Bounding Variance and Skewness of Fluctuations in Nonlinear Mesoscopic Systems with Stochastic Thermodynamics

TL;DR

This paper investigates the limitations of Gaussian noise approximations in nonlinear mesoscopic systems, revealing that fluctuations often exceed classical predictions and are influenced by skewness, highlighting the need for a thermodynamically consistent stochastic theory.

Contribution

It demonstrates that variance in nonlinear systems surpasses classical predictions due to skewness, challenging Gaussian assumptions and proposing a thermodynamically consistent stochastic framework.

Findings

Variance exceeds classical predictions controlled by skewness.

Symmetric fluctuations obey extended Johnson-Nyquist formula.
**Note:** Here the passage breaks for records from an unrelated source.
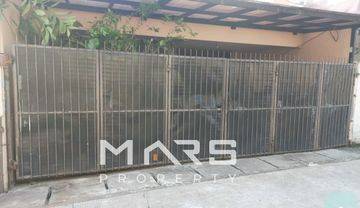 For Sale Rumah Minimalis di Kawasan Jakarta Barat Green Ville Area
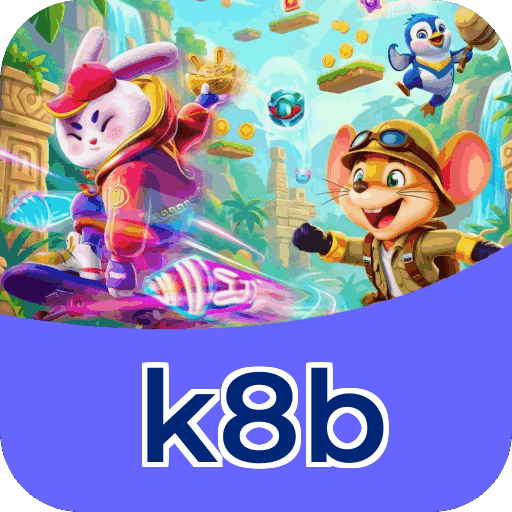 Promoções e bônus exclusivos da k8b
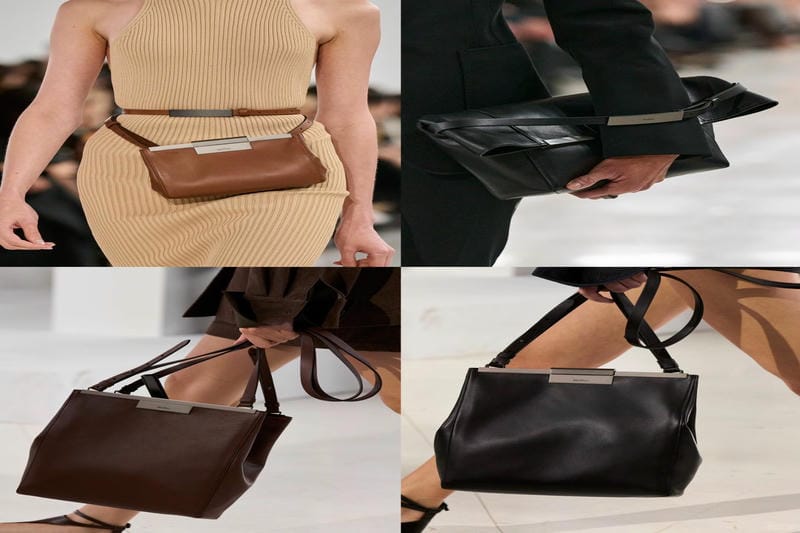 2025年の名作バッグ！マックス マーラで過去モデルを振り返る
Gaussian approximation is physically inconsistent for certain nonlinear models.

Abstract

Fluctuations arising in nonlinear dissipative systems (diode, transistors, chemical reaction, etc.) subject to an external drive (voltage, chemical potential, etc.) are well known to elude any simple characterization such as the fluctuation-dissipation theorem (also called Johnson-Nyquist law, or Einstein's law in specific contexts). Using results from stochastic thermodynamics, we show that the variance of these fluctuations exceeds the variance predicted by a suitably extended version of Johnson-Nyquist's formula, by an amount that is controlled by the skewness (third moment) of the fluctuations. As a consequence, symmetric fluctuations necessarily obey the extended Johnson-Nyquist formula. This shows the physical inconsistency of Gaussian approximation for the noise arising in some nonlinear models, such as MOS transistors or chemical reactions. More generally, this suggests the need for a stochastic nonlinear systems theory that is compatible with the teachings of thermodynamics.